Any reputable and informed person will agree with that.
You may see an increase, but I wouln't count on a huge one. If you are already using Mobil1 and changing every 7.500 miles or less, you will probably not see much of a gain in mpg. I switched from Mobil1 to Amsoil in my wifes GrandAm and saw a slight increase in mpg (may have been placebo affect thought). What I really noticed was a much smoother idle and acceleration.
Made a world of difference in the driveability of the car. Another thing I noticed is that my oil stays golden looking much longer than it did with Mobil1. Nothing scientific as to why, just my perception.

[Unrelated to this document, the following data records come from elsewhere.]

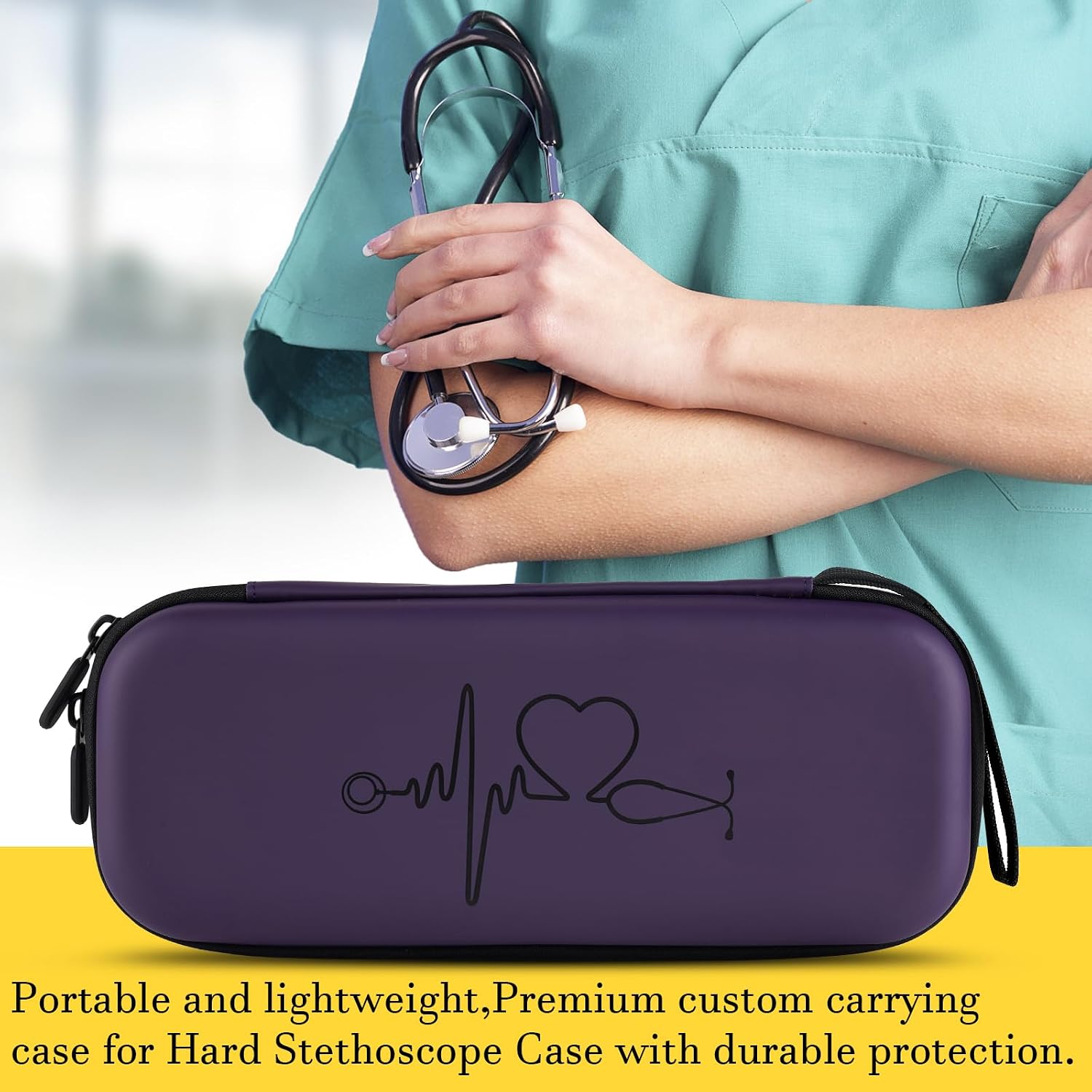 CDBXPRG Stethoscope Case for 3M Littmann,Stethoscope Carrying for MDF Acoustica Deluxe Stethoscopes,Stethoscope Travel Holder for Nurse Accessories Dark Purple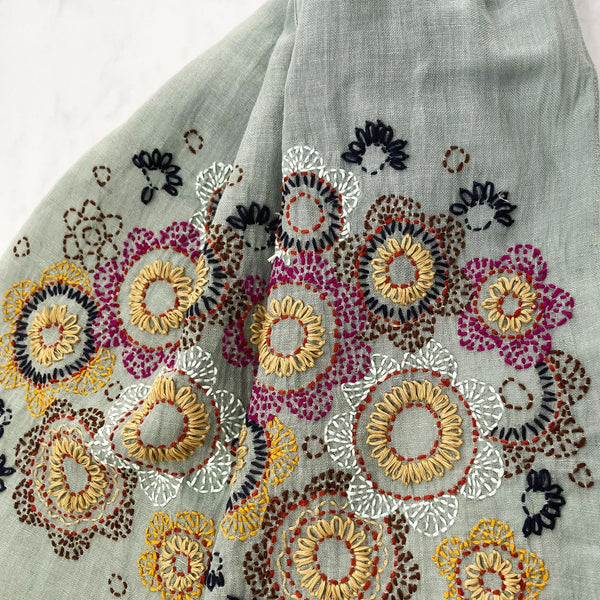 Hand Embroidered 100% Linen Scarf in Grey Floral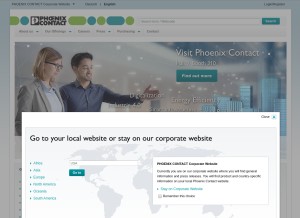 How phoenixcontact.com looks like on a tablet such as an iPad.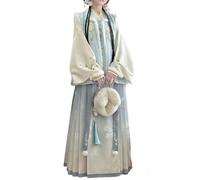 TIANTOO Robes Hanfu antiques (2XL-6XL), jupe Hanfu à motif tête de cheval (65-115 kg), sous-vêtement + gilet + jupe, doublure polaire pour plus de chaleur,4XL,Blue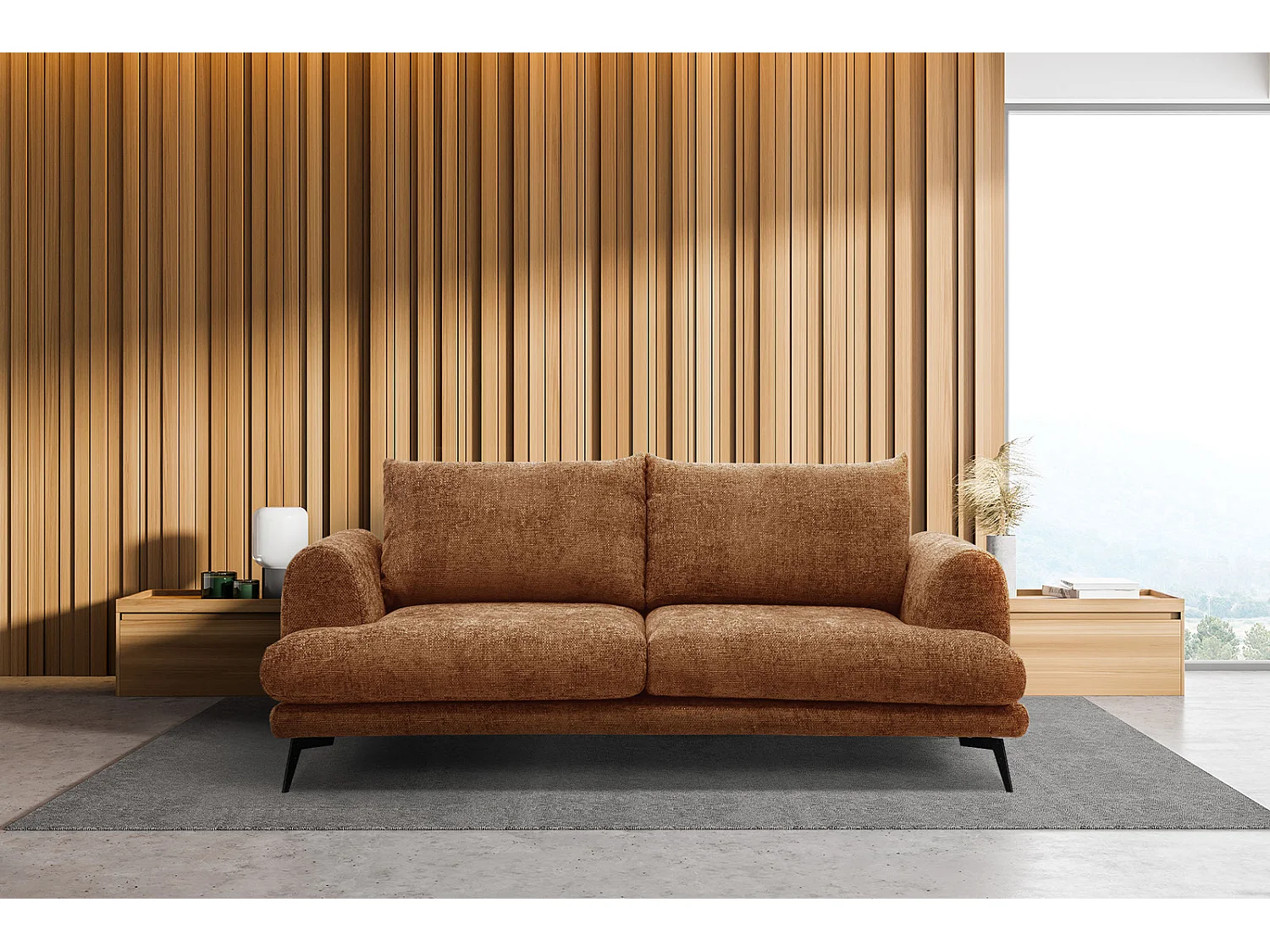 ADRIA Sofa 2,5-Sitzer, dunkelorange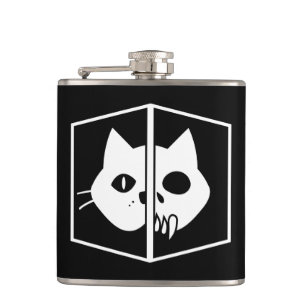 Schrödinger Cat Graphic Hip Flask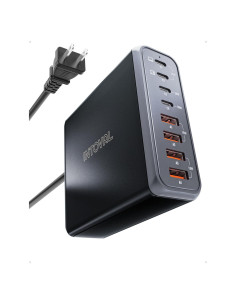 Cargador USB C Intoval K44 140W 8 Puertos Negro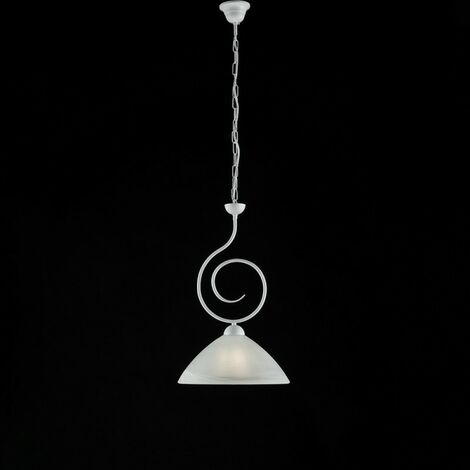 Lustre en fer blanc Shabby une lumière Abat-jour blanc 32x h53 cm
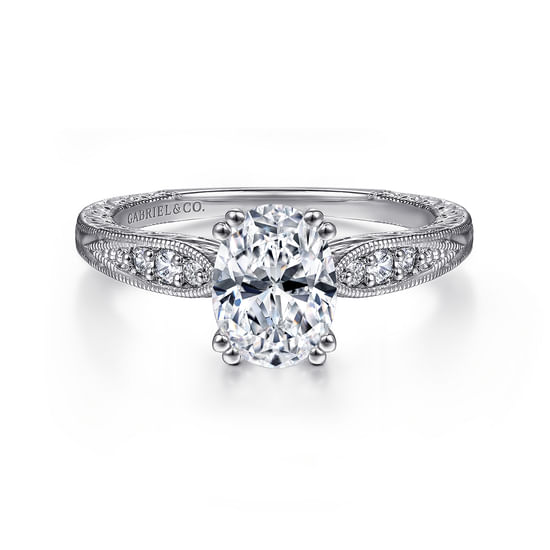 Gabriel - 14K White Gold Oval Diamond Engagement Ring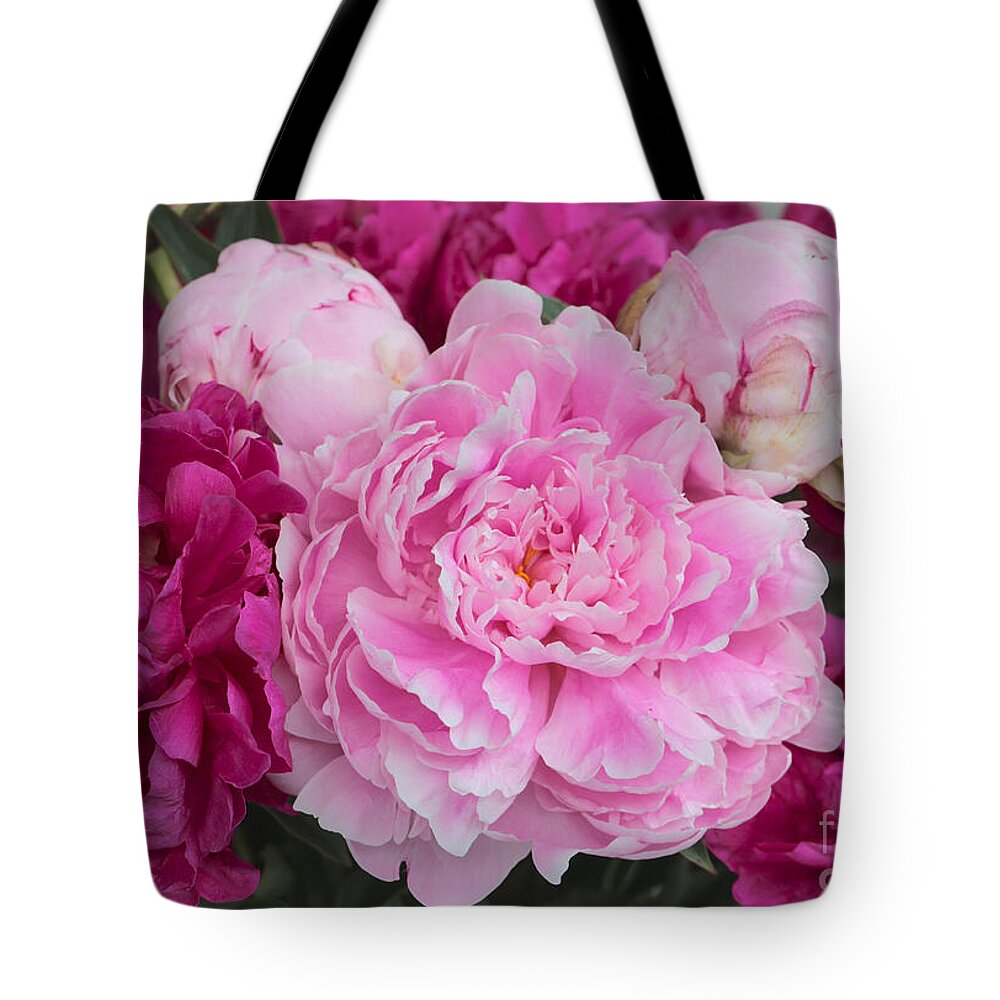 Peony Tote Bag featuring the photograph Pink Peonies by Carol Groenen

You won't go wrong with Amsoil. It may be overkill for a lot of people, but if you are as hard on your truck as I am mine, it pays for itself very quickly. You would be absolutely amazed at how many over-the-road trucking companies use Amsoil in their tractor trailer rigs. Diesels are the worst on oil of any truck and Amsoil is proven to last up to 12 times longer than other synthetics for diesel applications.
Glad to see we can converse about something civilly. I don't know everything as you implied in previous posts, but I have been around the block a few times and I do have vast experience in a lot of diverse areas. I am not an oil expert, but I have done a lot of researching and now through Amsoil, I am certified to sell Amsoil lubricants. If there is something particular that I don't know, I have contacts to many Chemical Engineers that do.
I guess its just that neither of us take sh**t from others and I dont know when to shut up.
I would say that for all around use, 5W30 is a very good weight to use. If I were up in the Northern states, I would not use anything but 0W30 during the Winter months.
Your truck will probably come with synthetic oil. look in the owners manual. for your climate, I would suggest 10W30, as long as it says its OK to in the owners manual.
The reason oil turns from golden to black color is carbon. has nothing to do with the quality of the oil. different brands of oil darken quicker than others because they are naturally darker. Kendall is naturally much lighter in color than Delo. Delo darkens faster but that doesn't mean anything. Carbon in oil doesn't mean anything. its the break down of polymers that mean something.
the reason big rigs are hard on their oils is because of the high temps and heat flow in the diesels. they also carbon up worse than gas, so the oil will get blacker. but, like i said, not related to quality.
this topic is being "frozen." It will be archived or deleted in the next 10 days or so.